Communities, tribes, federal agencies, and other stakeholders in southwestern Colorado have organized to better understand the threat of mercury contamination to their reservoirs. Joe Ryan, PhD, professor of environmental engineering, and his students from CU-Boulder’s Civil, Environmental, and Architectural Engineering have been working over the past few years to help augment these efforts in assessing the sources, deposition, and risks of mercury in this region in conjunction with the Mountain Studies Institute in Silverton, the Southern Ute Tribe’s Environmental Programs Division, and the Pine River Watershed Group.
 
Over the past decade, five major reservoirs in southwestern Colorado have been added to the list of Colorado waters with fish consumption advisories that place limits on the number of fish caught in these waters to be eaten due to mercury contamination. Mercury accumulates in the fatty tissues of fish, and humans are exposed to mercury primarily by eating these fish. Exposure to even small amounts of mercury can result in serious neurological damage and death, especially for fetuses, infants, and children.
 
There are several ways that mercury can be introduced into the environment.

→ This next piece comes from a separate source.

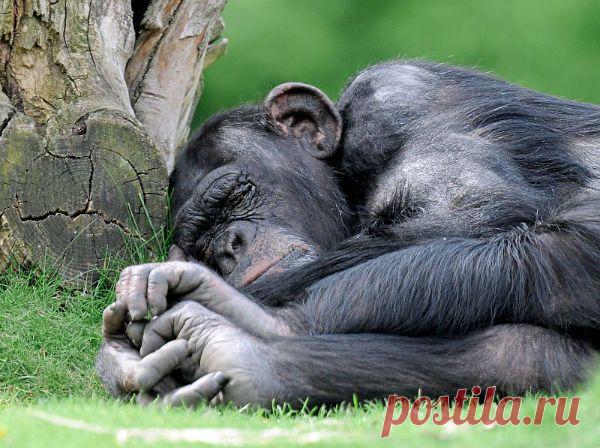 Социальное общение сирот шимпанзе | Все умницы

One of the major sources is the combustion of coal. Across the United States, coal-burning power plants emit about 50 tons of mercury each year. Five major coal-burning power plants are currently located upwind of southwestern Colorado due to the abundance of coal in this area. Another potential source of mercury is abandoned mines, which are abundant in the mountains around Durango and Silverton. In the early days of mining, mercury was used in the amalgamation of gold and other precious metals. In mining, mercury was used in the elemental, liquid form and tends to remain in the vicinity of the mines.
 
Recent forest fires are suspected of causing the release of mercury into the atmosphere, but not all of the mercury in forest soils is volatilized – some remains in the forest soils. Forest fires exacerbate erosion of hillside soils, and the eroded soils carry mercury to the water bodies. 
 
A modest grant from the CU-Boulder Outreach Committee allowed Professor Ryan and his students to start work on the project in southwestern Colorado, which eventually led to additional funding support from the National Science Foundation (NSF). Doctoral student Jackson Webster was recruited to the university through the NSF funding to help with the research project.
 
Webster recently received the National Parks Service George Melendez Wright Climate Change Fellowship for his research into mercury contamination. This student fellowship program supports new and innovative research on climate change impacts to protected areas and to increase the use of scientific knowledge to further resource management in parks.

 

 
Webster is studying the distribution of mercury from forest soils following wildfires in Mesa Verde National Park in southwestern Colorado. He was selected as one of twenty recipients nationally and received funding to assess the effect of fire and mercury levels within the national park. Webster is looking at the results of fire over the past three decades and the possibility that wildfire frequency and severity might increase with ongoing climate change in the southwestern United States. Webster started with sampling soil this past summer and will conduct follow-up analysis over a period of 15 months with the help of Professor Ryan, two other engineering students, and the science staff at Mesa Verde.
 
 The research being conducted in the southwestern part of the state is one of several projects Professor Ryan and his students are involved with that brings the educational and scientific resources of the university to the citizens across Colorado. Ryan’s outreach work is directly linked to his teaching and research, which allows his students to gain valuable field experience and inform their own educational pursuits.